Oasis, which operates solely in North Dakota's Bakken shale formation, plans to construct the plant to process natural gas from the Wild Basin portion of North Dakota's Bakken shale formation, over the next two years.
The project would also contain crude oil gathering lines as well as saltwater distribution lines.
"We have potential JV partners for that, or we could go down the path of an MLP," Reid said at the DUG conference in Denver.
An MLP conversion would follow in the steps of Hess Corp , El Paso Pipeline Partners LP and other peers that have announced MLPs of their own for pipeline and processing assets.
MLPs, which trade like equity, are not taxed at the U.S. federal level, lowering their cost of capital for parent companies. They typically have higher quarterly payouts than dividend-paying companies, making them appealing to stockholders.
"In a low commodity price environment, you've got to find new ways to do things," he said.
Reid added that Oasis is "well positioned" to weather the low oil price environment.
The company, which has seen its share price plunge in the past seven months, completed a stock offering of 32 million shares in March to shore up its balance sheet and provide capital to weather cheap oil.

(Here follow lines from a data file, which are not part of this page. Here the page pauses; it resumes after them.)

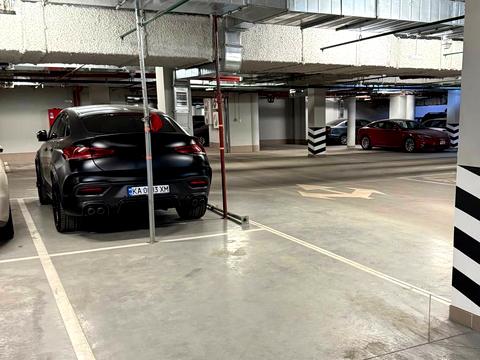 паркомісце за адресою Андрія Верхогляда вул. (Михайла Драгомирова), 19-А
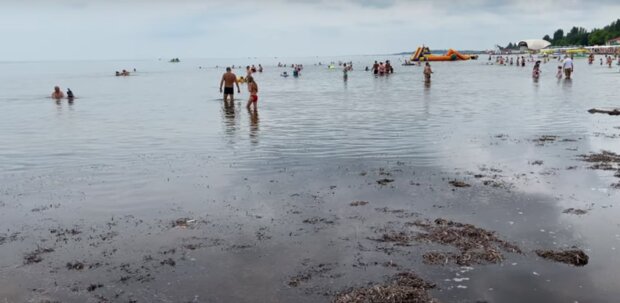"Очень воняет на пляжах": блогер рассказал об отдыхе в популярном Скадовске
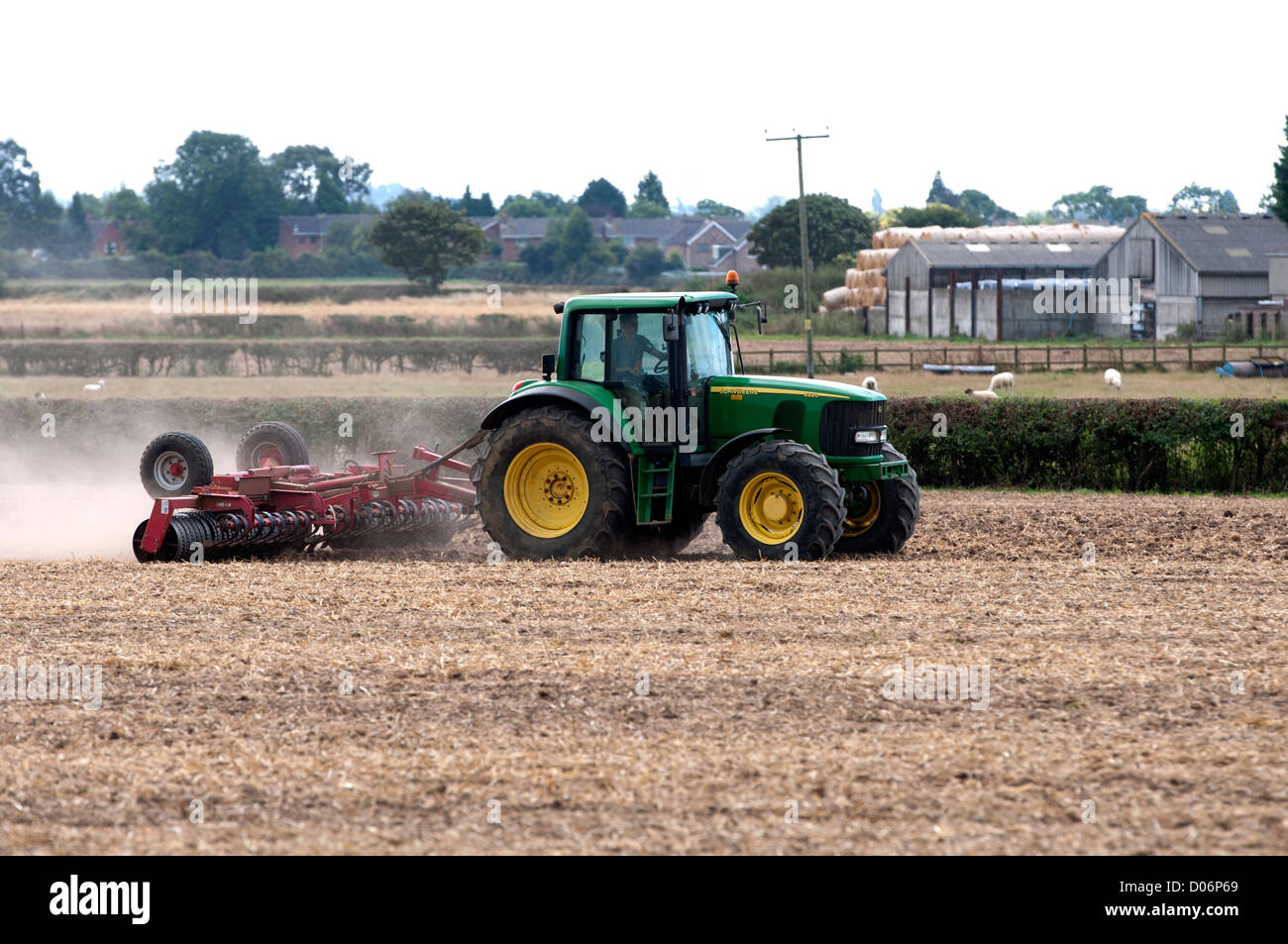 Tracteur John Deere le roulement d'un domaine Banque D'Images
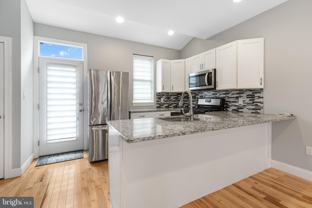 724 E Thompson St - Photo 1 of 1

Part of the company's advantage stems from its division that hydraulically fractures, or "fracks," wells, meaning Oasis is not reliant on Halliburton Co or peers for that service.
For instance, Oasis plans to frack 80 wells this year using its own two frack crews. That saves about $400,000 per well, Reid estimated.
"Even in a lower price environment, there's still good benefits, because we're doing all this work ourselves," he said.
Yet the company is already preparing for higher oil prices, with Reid mentioning executives are right now "building a rebound scenario." Part of any higher-price strategy could involve development of acreage in Montana, which Oasis expects could hold as much as 500,000 barrels of oil equivalent, Reid said.
Shares of Houston-based Oasis rose 5.2 percent to $14.96 in Wednesday afternoon trading, in line with a jump in the U.S. benchmark price of crude.